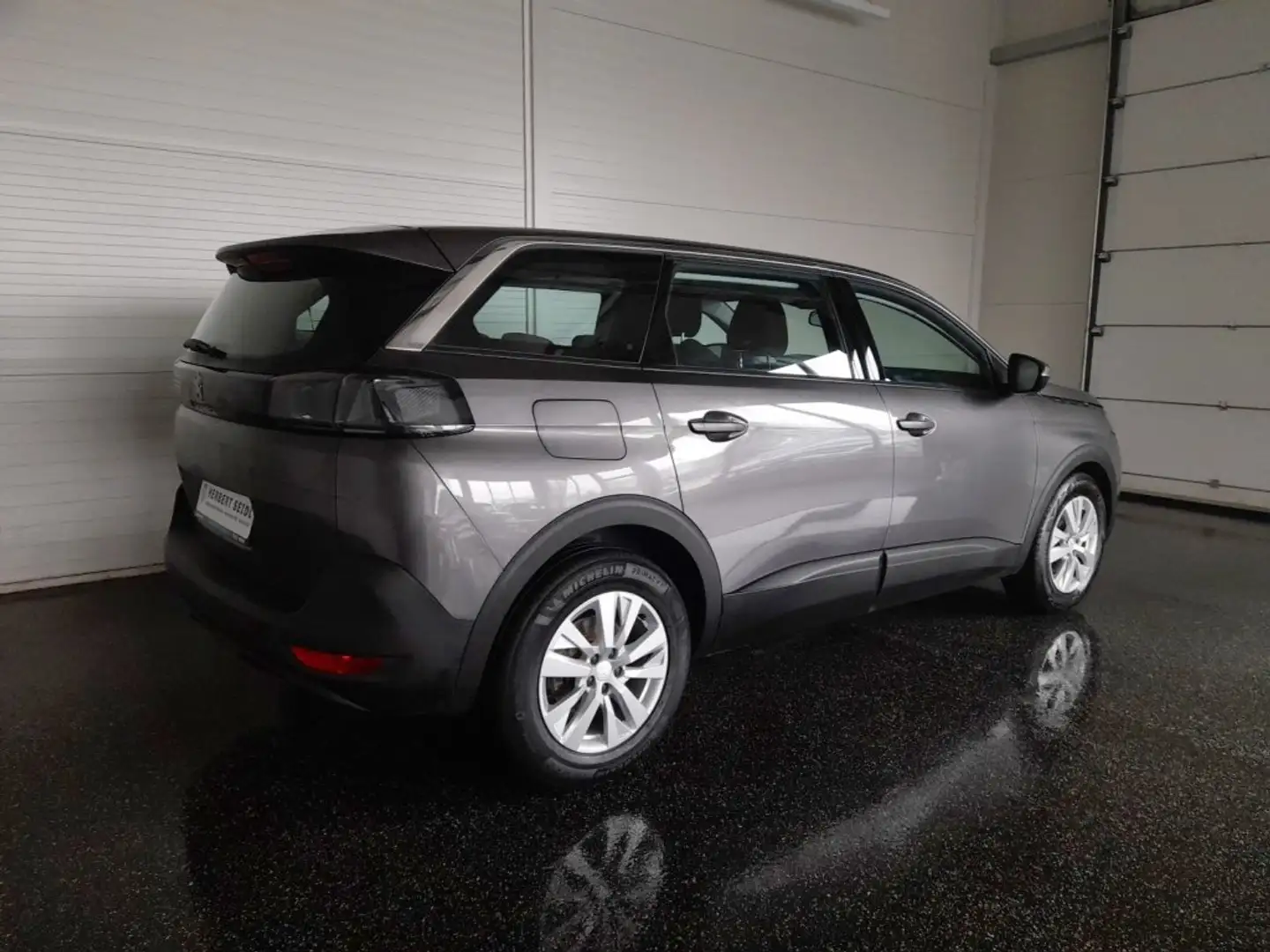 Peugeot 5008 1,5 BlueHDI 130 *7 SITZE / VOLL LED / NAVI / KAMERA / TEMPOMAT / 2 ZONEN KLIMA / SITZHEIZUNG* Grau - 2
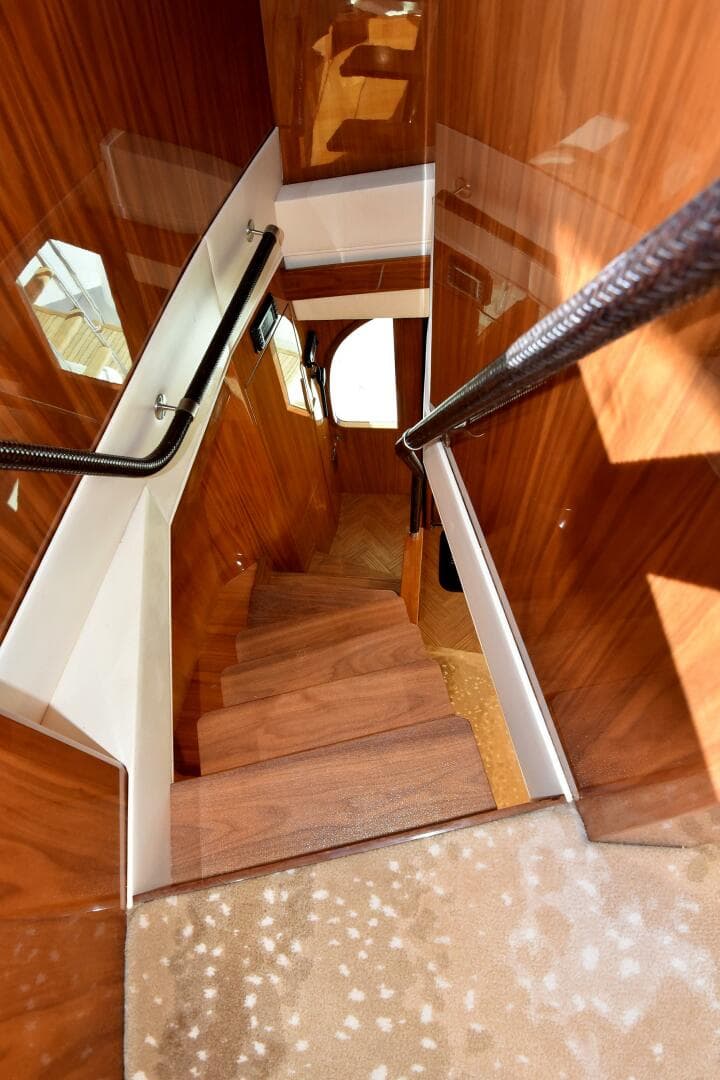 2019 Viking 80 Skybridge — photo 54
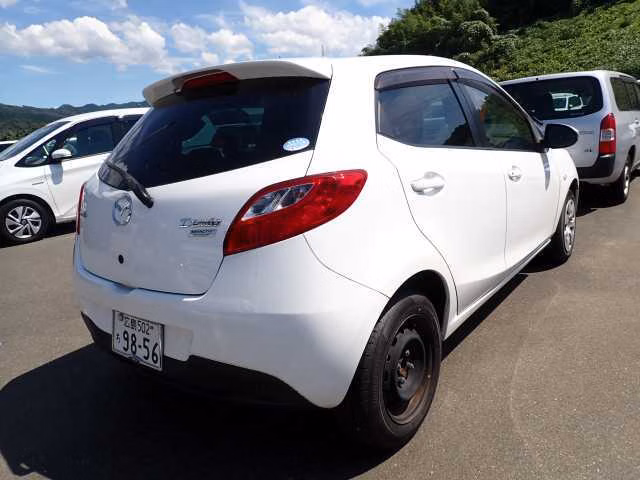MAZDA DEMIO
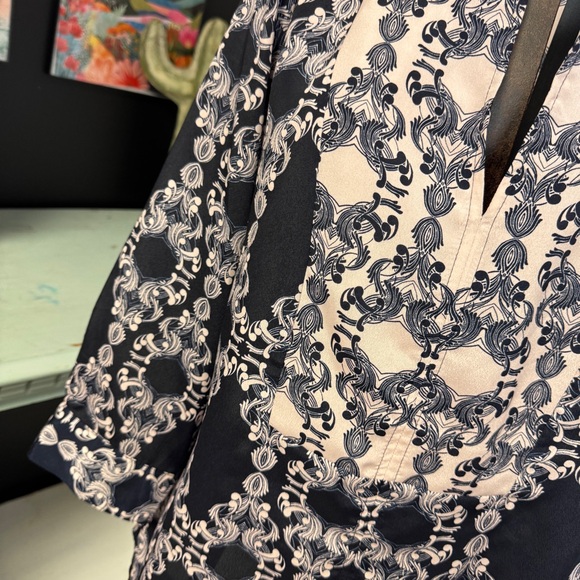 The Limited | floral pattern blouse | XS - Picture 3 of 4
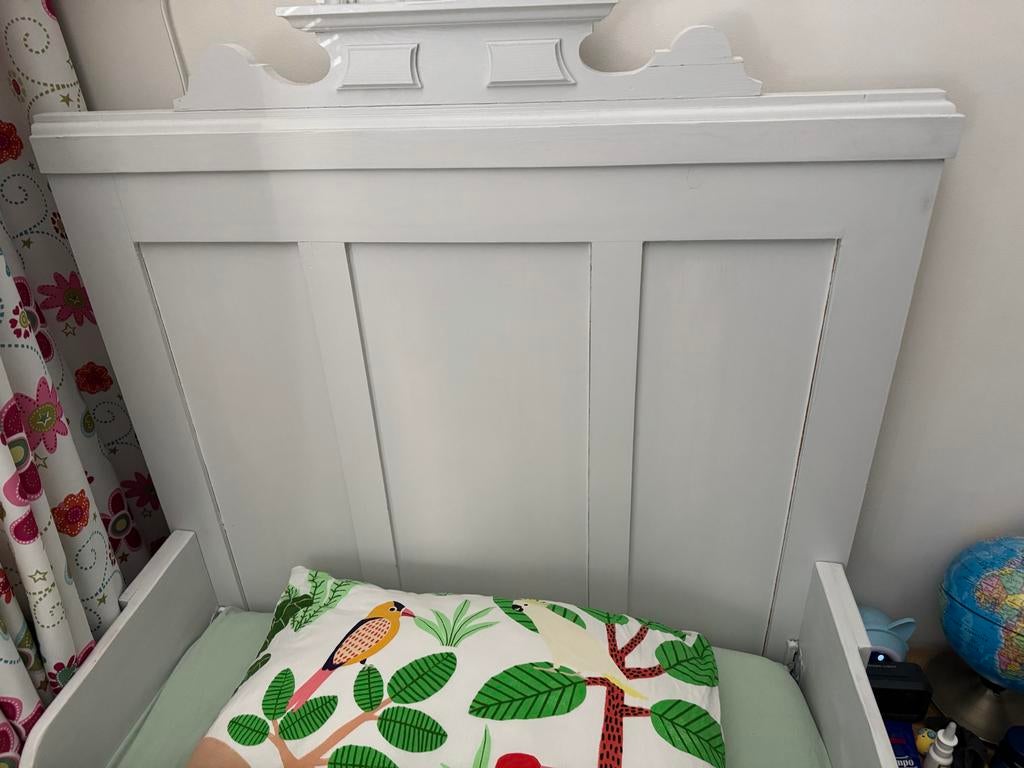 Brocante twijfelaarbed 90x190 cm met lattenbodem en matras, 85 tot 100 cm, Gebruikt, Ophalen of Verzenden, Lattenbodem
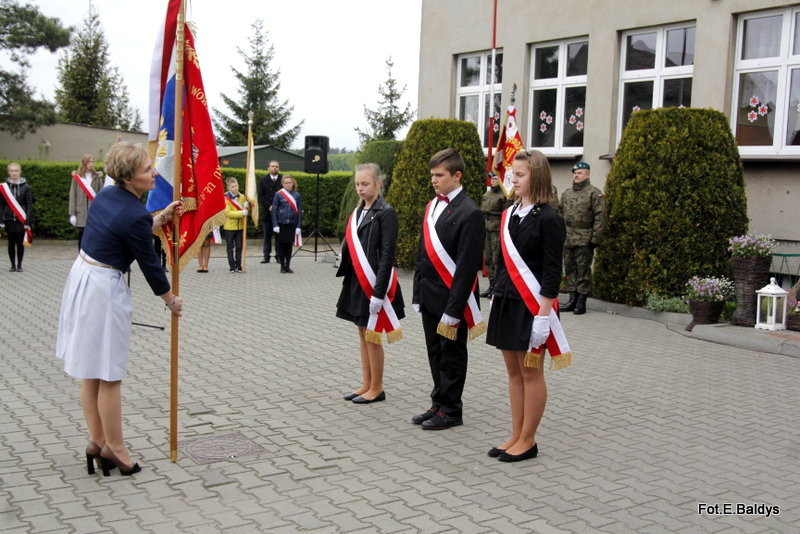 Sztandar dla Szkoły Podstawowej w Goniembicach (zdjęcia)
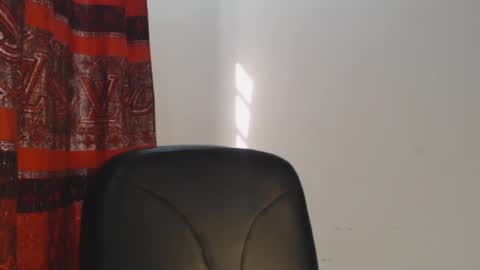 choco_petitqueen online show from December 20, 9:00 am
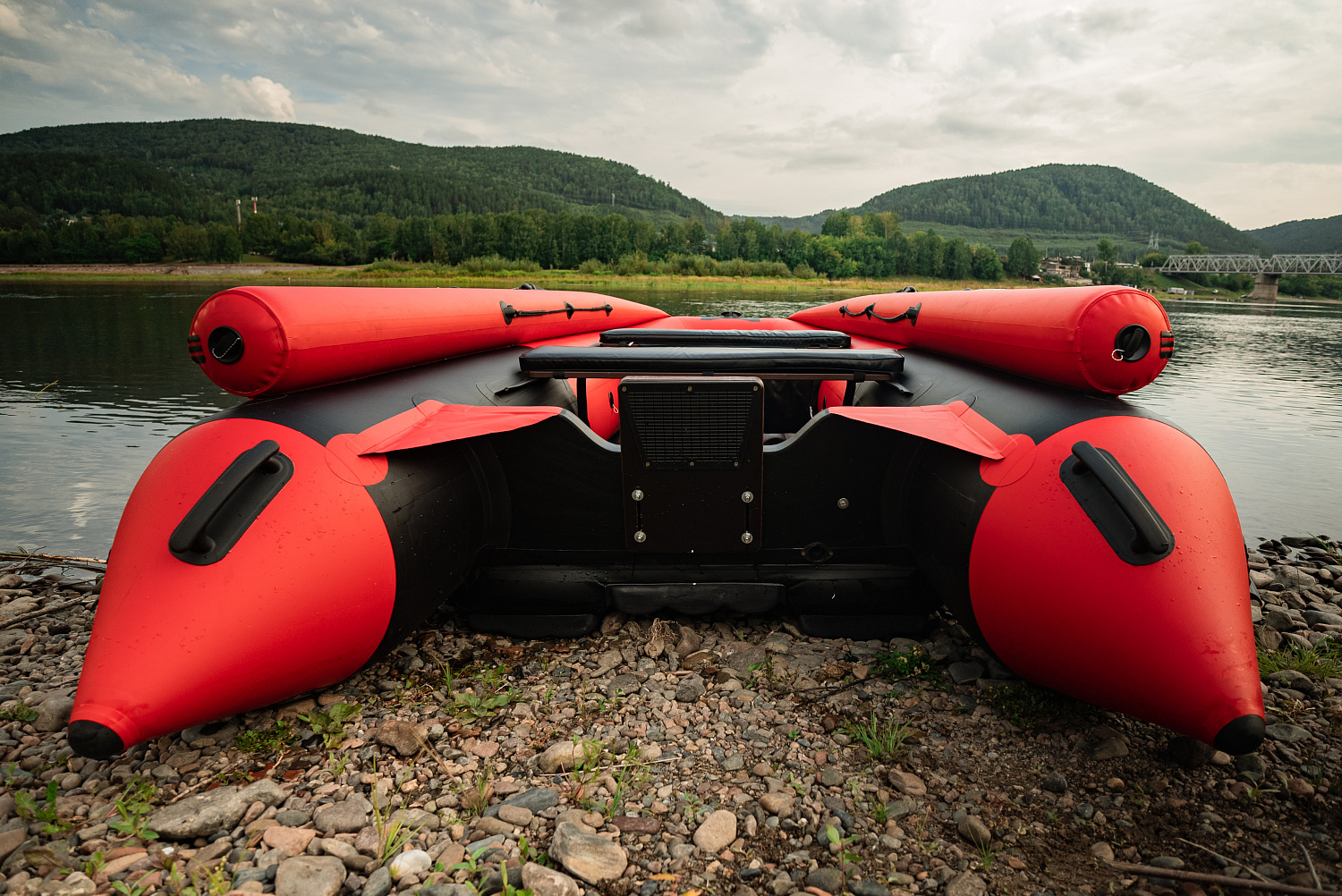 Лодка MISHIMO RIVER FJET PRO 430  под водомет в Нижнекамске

----------

**Exercise requirements**.
Your answer must be exactly the lines from the one containing "choco_petitqueen online show" through the last line of the records above, both included, with every picture left out.

**Task response**.
 choco_petitqueen online show from December 20, 9:00 am
 Лодка MISHIMO RIVER FJET PRO 430  под водомет в Нижнекамске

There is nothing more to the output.